Was könnten Studierende dagegen tun?
An der Tatsache selbst können sie nicht viel ändern, aber sie können gleich vom Start weg versuchen, ihr Studium trotz aller vorgegebenen Strukturen sinnvoll zu planen. Und sie sollten sich zeitlich nicht unter Druck setzen. Es bringt einen nicht um, wenn man für den Bachelor ein Semester länger braucht. Lieber eines mehr investieren und mit guten Noten abschließen, als just in time fertig werden mit miserablen Zensuren.

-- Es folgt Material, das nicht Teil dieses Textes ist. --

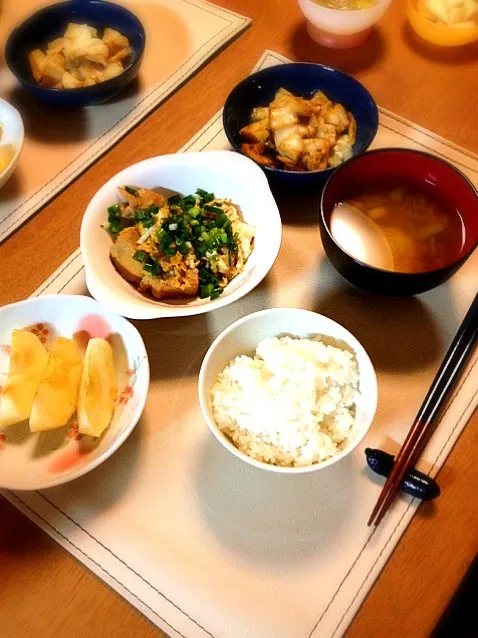 ばんごはん。鶏肉と卵の親子丼風炒め物、筍のチーズ焼き、お餅が余ってたのでお雑煮、ごはん、りんご|himaさん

Wo müssen Studenten noch aufpassen?
Beim Timing für die Master-Bewerbungen. In Deutschland folgt der Master in der Regel direkt auf den Bachelor - ohne eine Berufstätigkeit dazwischen. Das bedeutet, dass es bei der Bewerbung zeitlich oft sehr eng mit Zeugnissen und Noten wird. Besonders tricky ist das bei vorgeschalteten Auslandsaufenthalten. Bis man da alle Unterlagen beisammen hat, hat man schnell eine Frist versäumt. Ein Student braucht heutzutage immer eine gewisse Weitsicht.
Welche Kinderkrankheiten im neuen System werden sich Ihrer Meinung nach schnell geben?
Das Problem, dass sich Praktika derzeit noch schlecht ins Studium und die kurzen Ferien einbauen lassen, wird sich meines Erachtens bald lösen. Die ersten Unternehmen und Hochschulen arbeiten ja schon an entsprechenden Kooperationen. Und der Umstand, dass die Arbeitgeber noch nicht so viel mit Bachelor-Absolventen anzufangen wissen, wird sich mit der Zeit wohl auch geben. Bei anderen Schwachpunkten bin ich nicht so optimistisch.
Welche meinen Sie?
Zum Beispiel das schon angesprochene Problem der fehlenden Übergänge. Damit es aktiv angegangen wird, muss erst eine nennenswerte Zahl von Bachelor-Studenten Probleme gehabt haben und sich beschweren. Dann wandert das Thema in die Ausschüsse, erfordert eine Neuauflage der Studienordnung et cetera et cetera. Das dauert Jahre.